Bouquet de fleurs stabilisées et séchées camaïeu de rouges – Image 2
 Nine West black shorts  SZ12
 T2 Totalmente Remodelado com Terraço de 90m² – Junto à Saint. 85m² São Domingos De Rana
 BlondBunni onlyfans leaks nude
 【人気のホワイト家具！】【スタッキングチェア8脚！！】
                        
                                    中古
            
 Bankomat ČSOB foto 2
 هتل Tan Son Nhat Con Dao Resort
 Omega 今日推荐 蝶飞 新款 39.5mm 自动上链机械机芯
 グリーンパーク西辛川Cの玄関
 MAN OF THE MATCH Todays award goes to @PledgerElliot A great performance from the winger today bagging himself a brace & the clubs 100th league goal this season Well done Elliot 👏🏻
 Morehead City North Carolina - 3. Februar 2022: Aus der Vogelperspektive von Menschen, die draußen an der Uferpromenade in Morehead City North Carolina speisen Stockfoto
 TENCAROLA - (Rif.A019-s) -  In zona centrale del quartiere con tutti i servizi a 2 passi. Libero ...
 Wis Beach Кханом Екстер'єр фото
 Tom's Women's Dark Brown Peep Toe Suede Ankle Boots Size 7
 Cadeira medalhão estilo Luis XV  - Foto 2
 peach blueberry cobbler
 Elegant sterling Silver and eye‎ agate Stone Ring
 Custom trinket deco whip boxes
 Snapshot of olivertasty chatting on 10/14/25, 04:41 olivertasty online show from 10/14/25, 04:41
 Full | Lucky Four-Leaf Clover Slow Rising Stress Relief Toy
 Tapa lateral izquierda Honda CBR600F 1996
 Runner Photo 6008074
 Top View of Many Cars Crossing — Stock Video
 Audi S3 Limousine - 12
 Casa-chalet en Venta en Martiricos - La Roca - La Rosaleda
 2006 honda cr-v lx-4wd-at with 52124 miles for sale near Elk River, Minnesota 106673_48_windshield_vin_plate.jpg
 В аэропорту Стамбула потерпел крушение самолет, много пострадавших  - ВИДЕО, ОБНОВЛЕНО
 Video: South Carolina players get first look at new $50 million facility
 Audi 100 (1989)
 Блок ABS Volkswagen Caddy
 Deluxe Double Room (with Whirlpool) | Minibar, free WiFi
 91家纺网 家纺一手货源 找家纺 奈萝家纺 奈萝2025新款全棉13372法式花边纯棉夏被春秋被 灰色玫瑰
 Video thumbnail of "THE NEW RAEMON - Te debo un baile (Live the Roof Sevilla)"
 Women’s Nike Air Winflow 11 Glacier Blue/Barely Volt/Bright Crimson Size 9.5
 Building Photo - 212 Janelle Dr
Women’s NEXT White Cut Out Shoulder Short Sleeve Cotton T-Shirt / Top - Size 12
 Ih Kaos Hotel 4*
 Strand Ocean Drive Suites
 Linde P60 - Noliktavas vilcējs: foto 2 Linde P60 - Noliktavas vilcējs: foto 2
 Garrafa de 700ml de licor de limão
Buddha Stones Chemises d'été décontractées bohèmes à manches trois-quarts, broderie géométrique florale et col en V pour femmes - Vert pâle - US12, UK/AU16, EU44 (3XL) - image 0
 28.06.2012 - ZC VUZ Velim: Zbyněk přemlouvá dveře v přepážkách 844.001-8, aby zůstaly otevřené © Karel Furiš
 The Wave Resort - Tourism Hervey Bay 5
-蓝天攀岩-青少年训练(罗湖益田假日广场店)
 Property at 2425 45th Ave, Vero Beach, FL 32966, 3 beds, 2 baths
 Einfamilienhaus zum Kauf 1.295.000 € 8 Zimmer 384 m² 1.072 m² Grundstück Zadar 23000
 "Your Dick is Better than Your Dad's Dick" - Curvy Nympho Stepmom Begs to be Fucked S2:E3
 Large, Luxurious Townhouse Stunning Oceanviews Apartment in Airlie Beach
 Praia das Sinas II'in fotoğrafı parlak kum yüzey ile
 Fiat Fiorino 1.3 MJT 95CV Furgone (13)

Your task:
Copy out only the lines above from the one with "Snapshot of olivertasty" to the one with "Casa-chalet en Venta", inclusive, exactly as they stand.

Response box:
 Snapshot of olivertasty chatting on 10/14/25, 04:41 olivertasty online show from 10/14/25, 04:41
 Full | Lucky Four-Leaf Clover Slow Rising Stress Relief Toy
 Tapa lateral izquierda Honda CBR600F 1996
 Runner Photo 6008074
 Top View of Many Cars Crossing — Stock Video
 Audi S3 Limousine - 12
 Casa-chalet en Venta en Martiricos - La Roca - La Rosaleda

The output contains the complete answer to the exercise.